I've eaten all those things. I've even had nutria in gumbo. There are very few foods I won't eat, or at least try.


----------



## Greg Who Cooks (Mar 26, 2017)

Eat bugs? Only when camping, and only accidentally.

No way.


----------



## caseydog (Mar 26, 2017)

PrincessFiona60 said:


> Skedaddle Scooby and be safe.



That last post of mine was WAY off topic, but it was where I happened to be at the time the sirens started. 

BTW, no tornado, just some major league hail. Looks like the doghouse will be getting a new roof. The guy across the street has two nice cars, and only room for one in the garage, so he was out trying to cover the second one up. I went out and told him to park in my garage, with my car. Good thing. Golfball sized hail does dent cars. So, I did my good dead for 2017. 

CD


----------



## Dawgluver (Mar 26, 2017)

Golf-ball sized hail, dog house roof, and dented cars are no joke.  Scary stuff.

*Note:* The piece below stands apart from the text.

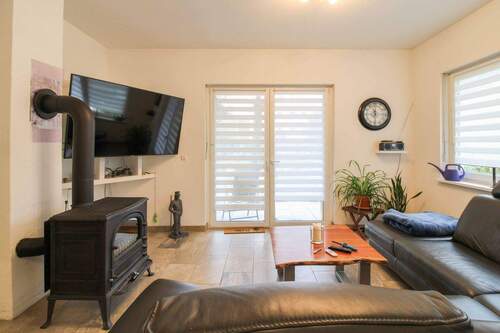 Wohnbereich mit Kamin - Einfamilienhaus mit 129,20 m&sup2; in Blankenfelde-Mahlow zum Kaufen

I still vote that Steve goes to his bug feast, and takes lots of pics so the rest of us can enjoy it vicariously.  Or not.  We need a prior warning.


----------



## caseydog (Mar 26, 2017)

Dawgluver said:


> Golf-ball sized hail, dog house roof, and dented cars are no joke.  Scary stuff.
> 
> I still vote that Steve goes to his bug feast, and takes lots of pics so the rest of us can enjoy it vicariously.  Or not.  We need a prior warning.



It's just part of springtime in North Texas. More to be posted in the "weather" thread, where it belongs. Sorry. 

CD


----------